A couple of weeks ago, we kicked off a Bankruptcy Judges series, with the first part of the series being devoted to Georgia’s Ret. Judge W. Homer Drake, Jr. While the feedback has been very positive, I attribute at least 90% of it to readers’ affection for Judge Drake that he earned over 53 years on the bench and 10% or less to my efforts to curate those years into an interesting opening profile. We now turn to the more serious business of covering (some of) Judge Drake’s 555 bankruptcy opinions.
As we encountered in our unlikely bankruptcy profiles of Justice Scalia, Justice Ginsburg, and Justice Gorsuch, transitioning from the profile to the decisions must be, if you’re doing it right, a little underwhelming. Nevertheless, over the next couple of weeks we’ll slice and dice our “JU(Drake)” Westlaw search to find the most educational and interesting parts. In this post, we’ll cover Judge Drake’s most cited confirmation-related Chapter 11 opinions in a Top 10 format.
It’s no criticism to characterize it as a serious business. After all, Judge Drake is a serious judge who wrote serious opinions in a serious style. I can recycle for Judge Drake my observations about Justice Ginsburg: He is an excellent writer but, unlike Justice Scalia’s or Justice Gorsuch’s bankruptcy opinions, Judge Drake’s bankruptcy opinions are not very quotable. Justice Gorsuch’s “Dewsnuppian departure[s]” is a rhetorical threshold that Judge Drake did not cross.
However, he did what I wish my 11 year old daughter would do on her math homework: he showed his work. There is a sort of Euclidean elegance in Judge Drake’s opinions—decision by rigorous proof. The precision, structure, and formality in his opinions are consistent with this Valedictorian-Judge’s self-described upbringing with his younger brother Henry (by two “very educated” parents and a father who was a “scholar” and a Superintendent of Schools) for which he emphasized “deportment” and “self-control.”
Before diving into the first five opinions, though, I can’t help but wonder what would have been if Judge Drake had served on a bankruptcy appellate panel. Would a “blistering dissent” be too course for his liking? I think so. In fact, unfortunately for some lawyers, Judge Drake appears to have reserved his form of “fire and brimstone” for issues of decorum and civility. He could be impatient and devastating, but always thorough, in deciding motions for reconsideration. And I’ll never forget when Judge Drake, minutes before the start of a potentially ugly two-day trial, took the lawyers into chambers and gave us a (thankfully) private but firm scolding about the tone of our pleadings. Among other things, “Mr. Bury, these are emotional arguments for a jury. This Court decides legal issues based on the law.” Ouch. But his opinions were formal and businesslike.

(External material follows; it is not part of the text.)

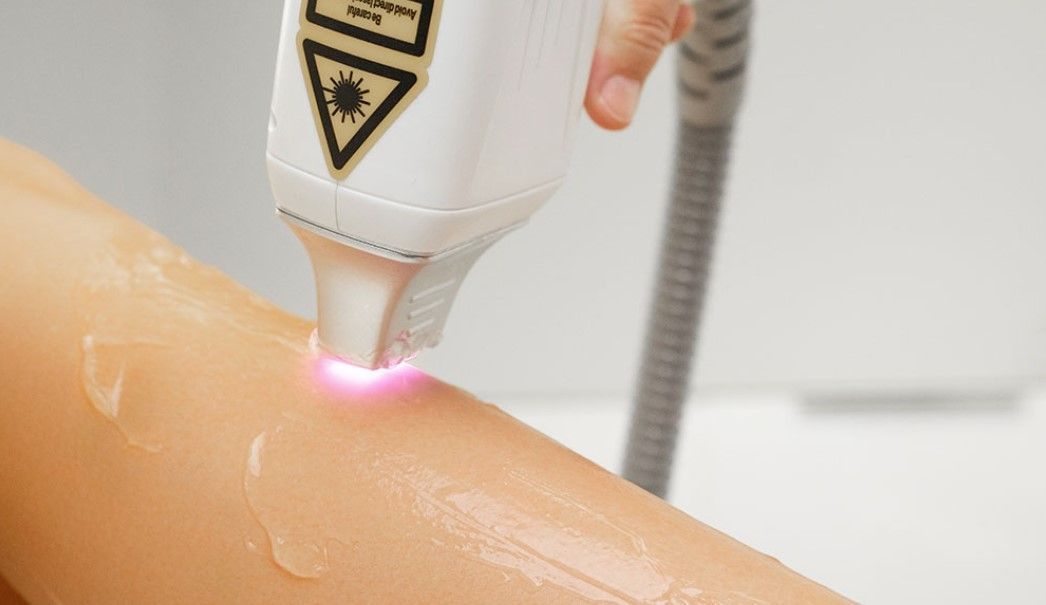Clínica de depilação a laser de BH é condenada a indenizar cliente que teve as pernas queimadas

On to the confirmation opinions. By my count, Judge Drake issued 20 or so opinions that dealt with pre- or post-confirmation issues for Chapter 11 plans. We’ll cover the first 5 today and the top 5 next week. And then as a bonus, we’ll cover one of Judge Drake’s most extensive confirmation opinions—a 35 page Till opinion that, inexplicably, is not on Westlaw.
Judge Drake’s Most Cited Confirmation Opinions
Pattni is a straightforward § 1122 and § 1129(b) opinion involving two (now former) Days Inn hotels in Atlanta. A portion of its petition is available if you click the photo. The hotels were liened-up, in order of priority, to a lender, to Days Inn (the franchisor), and to Mr. Patel (an insider). The second and third were out of the money and, thus, classified as unsecured creditors under the debtor’s liquidation plan.
Not surprisingly, Days Inn objected because the debtor’s proposal (i) classified it and Mr. Patel separately from trade creditors and (ii) had trade creditors getting paid 25% of their claims while Days Inn and Mr. Patel were to receive, in lieu of any cash, subordinated, non-interest bearing notes that would only become due if the purchaser of one of the hotels ever sold the hotel for a premium over the debt—a potential gerrymandering, unfair discrimination, and bad faith trifecta.
Judge Drake overruled each of the objections.
First as to classification, he recognized a split of opinion, at least one that existed at that time, on whether “similar claims must be classified together” under § 1122(a). Emphasizing that there is no such explicit statutory requirement, Judge Drake sided with the “more flexible” approach. However, he also recognized that, while a plan proponent’s classification discretion might be “considerable . . . there are limits.” In other words, the proponent can’t manipulate voting by “gerrymandering” classes. There must be “business justifications” for separate classification. And in Pattni, Judge Drake focused on the “circumstances from which the claims arose” and determined that they justified separate classification.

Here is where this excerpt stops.